[Crawled caption data]
-------------------------

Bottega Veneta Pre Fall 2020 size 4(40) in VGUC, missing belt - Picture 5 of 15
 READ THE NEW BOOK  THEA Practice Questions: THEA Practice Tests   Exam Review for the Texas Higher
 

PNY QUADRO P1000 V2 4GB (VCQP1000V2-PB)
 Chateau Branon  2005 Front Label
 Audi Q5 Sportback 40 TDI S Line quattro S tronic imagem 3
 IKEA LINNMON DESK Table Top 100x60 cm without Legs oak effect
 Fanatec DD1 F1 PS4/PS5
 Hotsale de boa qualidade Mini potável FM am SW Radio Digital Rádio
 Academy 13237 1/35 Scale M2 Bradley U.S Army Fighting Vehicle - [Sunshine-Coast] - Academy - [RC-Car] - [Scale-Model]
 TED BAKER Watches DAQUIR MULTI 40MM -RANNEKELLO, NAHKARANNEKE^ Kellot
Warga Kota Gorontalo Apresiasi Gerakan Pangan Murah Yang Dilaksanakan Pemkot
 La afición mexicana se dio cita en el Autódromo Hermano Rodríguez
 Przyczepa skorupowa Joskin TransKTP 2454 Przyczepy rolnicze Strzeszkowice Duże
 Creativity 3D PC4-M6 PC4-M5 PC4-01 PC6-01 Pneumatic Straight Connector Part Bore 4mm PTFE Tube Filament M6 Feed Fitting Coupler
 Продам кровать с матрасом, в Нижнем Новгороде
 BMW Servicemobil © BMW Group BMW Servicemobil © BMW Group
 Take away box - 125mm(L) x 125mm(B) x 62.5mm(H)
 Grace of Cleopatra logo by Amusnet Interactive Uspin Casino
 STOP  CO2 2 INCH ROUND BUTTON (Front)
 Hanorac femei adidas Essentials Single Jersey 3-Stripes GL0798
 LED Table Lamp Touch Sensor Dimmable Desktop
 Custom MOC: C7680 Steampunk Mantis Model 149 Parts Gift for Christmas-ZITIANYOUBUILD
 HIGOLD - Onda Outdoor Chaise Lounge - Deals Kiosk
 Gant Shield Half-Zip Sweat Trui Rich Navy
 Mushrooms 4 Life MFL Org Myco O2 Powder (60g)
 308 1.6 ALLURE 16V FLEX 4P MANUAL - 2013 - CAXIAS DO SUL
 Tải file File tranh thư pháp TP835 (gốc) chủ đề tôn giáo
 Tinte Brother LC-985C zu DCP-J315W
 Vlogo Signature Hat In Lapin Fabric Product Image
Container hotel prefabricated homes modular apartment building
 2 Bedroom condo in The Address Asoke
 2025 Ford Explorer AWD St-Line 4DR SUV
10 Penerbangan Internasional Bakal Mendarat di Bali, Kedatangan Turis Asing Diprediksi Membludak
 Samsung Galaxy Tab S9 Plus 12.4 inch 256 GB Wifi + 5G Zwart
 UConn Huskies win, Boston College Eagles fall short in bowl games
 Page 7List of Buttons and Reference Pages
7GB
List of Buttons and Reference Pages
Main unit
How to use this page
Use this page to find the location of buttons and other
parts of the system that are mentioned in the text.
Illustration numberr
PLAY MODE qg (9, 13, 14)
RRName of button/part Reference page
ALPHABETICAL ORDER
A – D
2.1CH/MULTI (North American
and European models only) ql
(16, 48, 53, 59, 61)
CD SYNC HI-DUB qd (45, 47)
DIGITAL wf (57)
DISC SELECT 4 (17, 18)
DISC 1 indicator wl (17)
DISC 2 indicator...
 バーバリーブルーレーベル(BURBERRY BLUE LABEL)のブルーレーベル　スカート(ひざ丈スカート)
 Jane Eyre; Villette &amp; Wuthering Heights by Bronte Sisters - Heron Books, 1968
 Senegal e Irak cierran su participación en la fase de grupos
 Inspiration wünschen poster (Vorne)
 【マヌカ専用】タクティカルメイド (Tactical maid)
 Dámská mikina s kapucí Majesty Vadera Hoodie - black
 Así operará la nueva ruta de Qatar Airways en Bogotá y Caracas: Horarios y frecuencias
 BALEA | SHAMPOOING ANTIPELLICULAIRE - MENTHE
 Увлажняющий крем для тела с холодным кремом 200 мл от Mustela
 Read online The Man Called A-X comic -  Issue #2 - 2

-------------------------

Print, please, the lines above from the very first through the one that holds "Warga Kota Gorontalo", both included, word for word and with nothing else.

### SOLUTION TO THIS EXERCISE
Bottega Veneta Pre Fall 2020 size 4(40) in VGUC, missing belt - Picture 5 of 15
 READ THE NEW BOOK  THEA Practice Questions: THEA Practice Tests   Exam Review for the Texas Higher
 

PNY QUADRO P1000 V2 4GB (VCQP1000V2-PB)
 Chateau Branon  2005 Front Label
 Audi Q5 Sportback 40 TDI S Line quattro S tronic imagem 3
 IKEA LINNMON DESK Table Top 100x60 cm without Legs oak effect
 Fanatec DD1 F1 PS4/PS5
 Hotsale de boa qualidade Mini potável FM am SW Radio Digital Rádio
 Academy 13237 1/35 Scale M2 Bradley U.S Army Fighting Vehicle - [Sunshine-Coast] - Academy - [RC-Car] - [Scale-Model]
 TED BAKER Watches DAQUIR MULTI 40MM -RANNEKELLO, NAHKARANNEKE^ Kellot
Warga Kota Gorontalo Apresiasi Gerakan Pangan Murah Yang Dilaksanakan Pemkot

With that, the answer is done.